BHUBANESWAR: Even as the vaccination drive has picked up pace and Covaxin has shown high efficacy rate, the fate of participants of the Phase-I trials of the Indian made vaccine is uncertain a year since they received the first jab.
Around 25 volunteers of the Phase-I human trial of Covaxin in the State are completing one year this month. But neither the vaccine manufacturer Bharat Biotech nor ICMR has come out with a course of action for them - if they need a booster dose now or they are deemed to be protected for a longer period.
These questions have gained currency after Pfizer made it public that people need a booster dose within 12 months of getting fully vaccinated and a likely scenario is that there will be an annual revaccination though variants will play a key role.
A total of 375 volunteers, including 25 from Odisha had received both the doses across the country. The trial was conducted at the IMS and SUM Hospital, here between July 27 and August 15, last year. Source said while the gap between the two doses during the first phase trial was 14 days, it was one month during the second phase human trial conducted in September-October. The gap was 28 days during the third phase trial and emergency use.

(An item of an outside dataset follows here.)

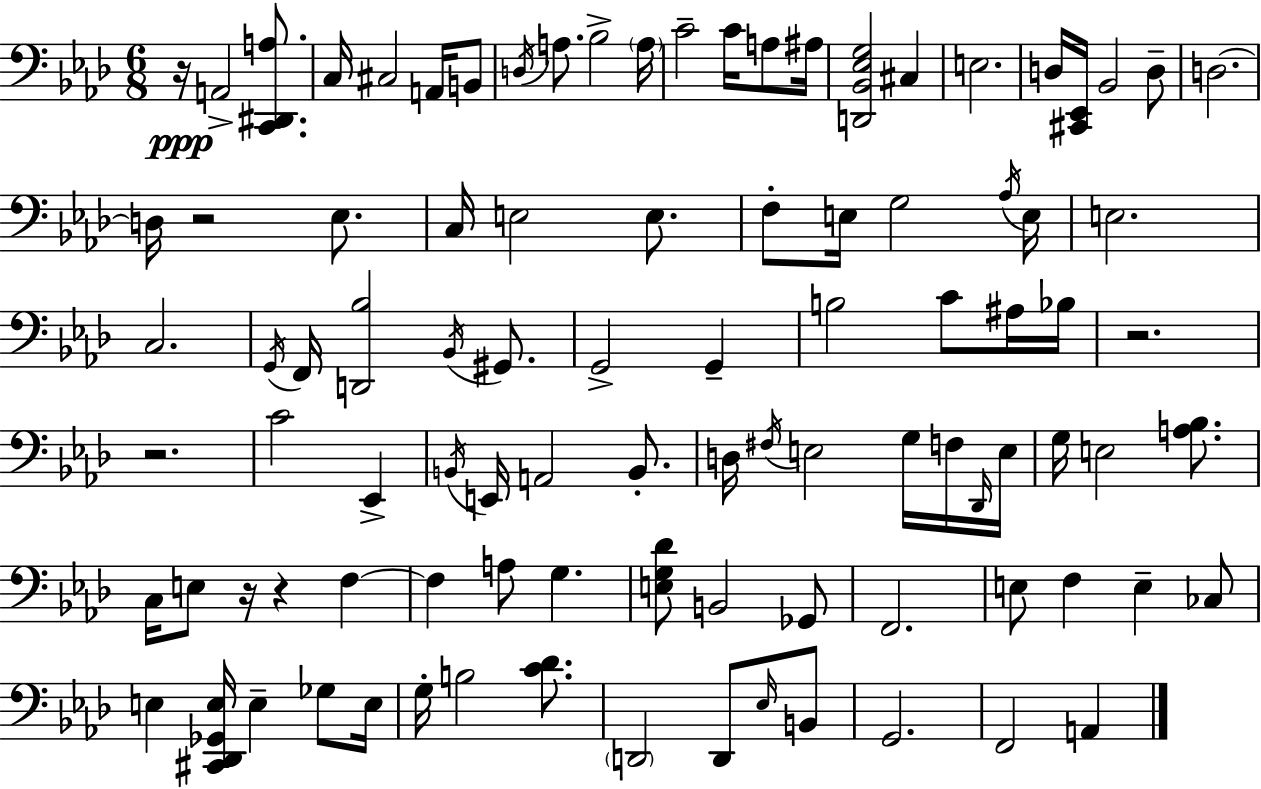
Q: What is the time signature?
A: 6/8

Though the volunteers participating in the Phase II trial were administered a booster dose five months after the second dose, there has been no clear information or instruction for those who are completing one year of vaccination.
Vaccine-induced neutralising antibody were observed with two divergent SARS-CoV-2 strains during the first phase and the percentage of all the side-effects combined was only 15 per cent in vaccine recipients.
Principal Investigator of Covaxin in Bhubaneswar Dr E Venkata Rao said the Phase 1 study had generated excellent safety data without any reactogenicity. “The volunteers were followed properly for 184 days. The vaccine manufacturer must be thinking of the next course of action, but there has been no communication to us,” he said.
Health experts said usually the vaccines and drugs introduced earlier had a life span of five to 10 years and even more than that as those were being allowed for public use after thorough study and trials. “Since the Covid-19 pandemic was a global concern, some vaccine candidates were approved for emergency use. The antibodies against spike protein and neutralising antibodies need to be studied in a gap of six months and a year. The manufacturer has to come out clear on the impact of the vaccine and whether any booster dose is required,” said former ICMR consultant Dr Tribhuban Mohan Mohapatra.